XSS
Definition
Cross-Site Scripting (XSS) is a security vulnerability allowing attackers to inject malicious scripts into trusted websites, compromising user data.
Use Cases
- eBay: Protecting marketplace users from malicious scripts injected into pages that could redirect users or attempt to steal session data. — eBay has publicly documented running a bug bounty program and coordinating vulnerability disclosure, including reports of XSS. They triage reports, patch affected code paths, and apply secure development practices (such as output encoding and input validation) to prevent recurrence. (Reduced exposure to account compromise and fraud by finding and fixing XSS issues faster through external researcher reporting and internal remediation.)
- Google: Reducing XSS risk across large web applications and user-generated content surfaces. — Google has publicly described using templating systems and frameworks that support contextual auto-escaping, along with secure coding guidance and automated testing to prevent injection flaws such as XSS. (Lower likelihood of XSS regressions at scale by making safe output encoding the default and catching issues earlier in development.)
Frequently Asked Questions
- What's the difference between XSS and CSRF?

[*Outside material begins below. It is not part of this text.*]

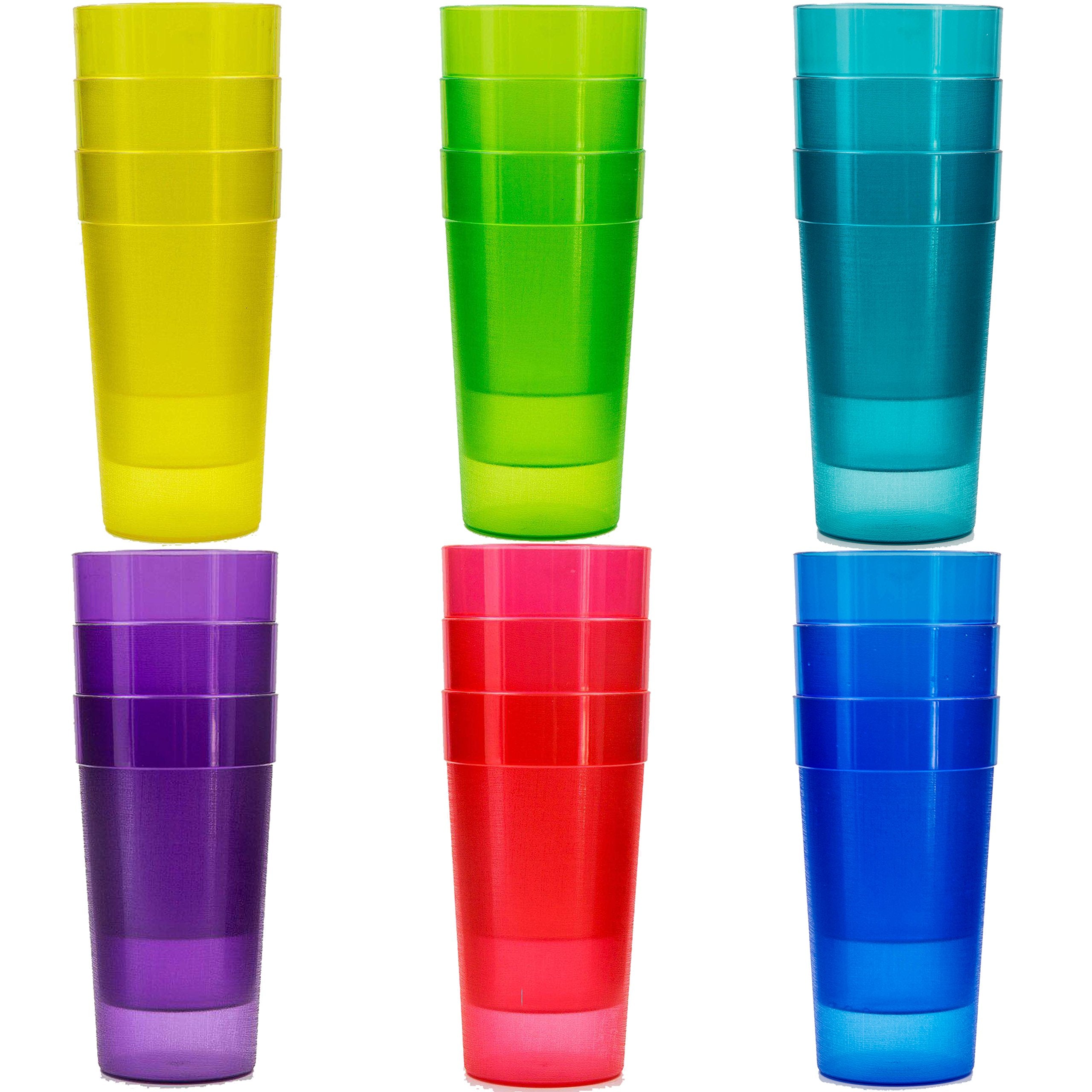 Youngever 18 Pack 20 Ounce Plastic Tumblers, Drinking Glasses, Restaurant-Quality Shatterproof Beverage Tumblers, 6 Colors, Reusable | Stackable | NO BPA | Top-rack Dishwasher Safe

- XSS injects malicious script into a page so it runs in the victim’s browser (often to steal data like session tokens or to change what the user sees). CSRF (Cross-Site Request Forgery) tricks a logged-in user’s browser into sending an unwanted request to a site (like changing an email address) without injecting script into the site’s pages. In short: XSS is about running attacker-controlled code in the browser; CSRF is about forcing unintended actions using the user’s existing login session.
- When should I use XSS?
- You don’t “use” XSS—it's a vulnerability to prevent. You should actively test for and mitigate XSS whenever your application displays any untrusted data (user input, URL parameters, third-party content, logs, profile fields, comments, product reviews) in HTML, JavaScript, or CSS contexts. Prioritize prevention if your app uses cookies/sessions, handles personal data, supports user-generated content, or has admin dashboards (because XSS against admins can be especially damaging).
- How much does XSS cost?
- XSS itself has no direct cost, but preventing and responding to it does. Costs typically include developer time to implement safe output encoding and input validation, security testing (SAST/DAST, penetration tests), and protective controls like a WAF or CSP rollout. Incident costs can be much higher: account takeovers, fraud, customer support load, regulatory exposure, and reputational damage. Pricing varies based on traffic volume (for WAF), tooling choices, and how frequently you test and audit.